Dangerously incompetent (Score:2)
Re: (Score:2)
TBF, she "researches" security. Practicing security is for grunts.
Re: (Score:2)
Can't tell if this is real or PR.. (Score:2)
At first I thought, does she still have a job? Now it looks to me like a cynically engineered PR stunt. Thing is, I want to feel bad for this clueless noob who has torpedoed her name.. unless she got paid the big bucks to do it and is not actually a security researcher. Who care about their trustworthiness and reputation. A lot of AI security research seems to involve engineered stunts ("It should go nuts" -> "It went nuts!").
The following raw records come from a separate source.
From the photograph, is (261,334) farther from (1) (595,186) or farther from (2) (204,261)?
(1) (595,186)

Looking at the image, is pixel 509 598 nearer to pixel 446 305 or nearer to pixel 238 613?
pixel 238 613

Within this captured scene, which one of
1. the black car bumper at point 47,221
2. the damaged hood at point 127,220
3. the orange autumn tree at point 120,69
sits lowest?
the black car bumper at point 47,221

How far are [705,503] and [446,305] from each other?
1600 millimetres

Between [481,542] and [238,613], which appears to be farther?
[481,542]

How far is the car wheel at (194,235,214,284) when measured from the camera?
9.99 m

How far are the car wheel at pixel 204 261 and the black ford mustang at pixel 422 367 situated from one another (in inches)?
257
I thought it was vendors mostly virtue signaling like science by PR. We'll kno
LLMs seems simple to use / integrate (Score:2)
LLMs seems simple to use / integrate, but the reality is they are massive foot gun opportunities.
1) single channel for control/data, and the almost inevitable injections attacks that represents.
2) gotchas around context size, that are often hidden or abstracted away at first
3) Lots of other tuneables nobody can explain to you what do, if your not maths major.
4)attack surface around things like context integrity
5) multiple incomplete standards for tool calling, mixed authorization strategies / conventions /
Hand drill tester takes out eye. (Score:2)
very fast idiot (Score:1)
a very long time ago someone said "A computer is nothing more than a very fast idiot" or something similar. Computers can NOT think. They follow instructions. If you let them WRITE the instructions they follow, YOU are at fault, not the software.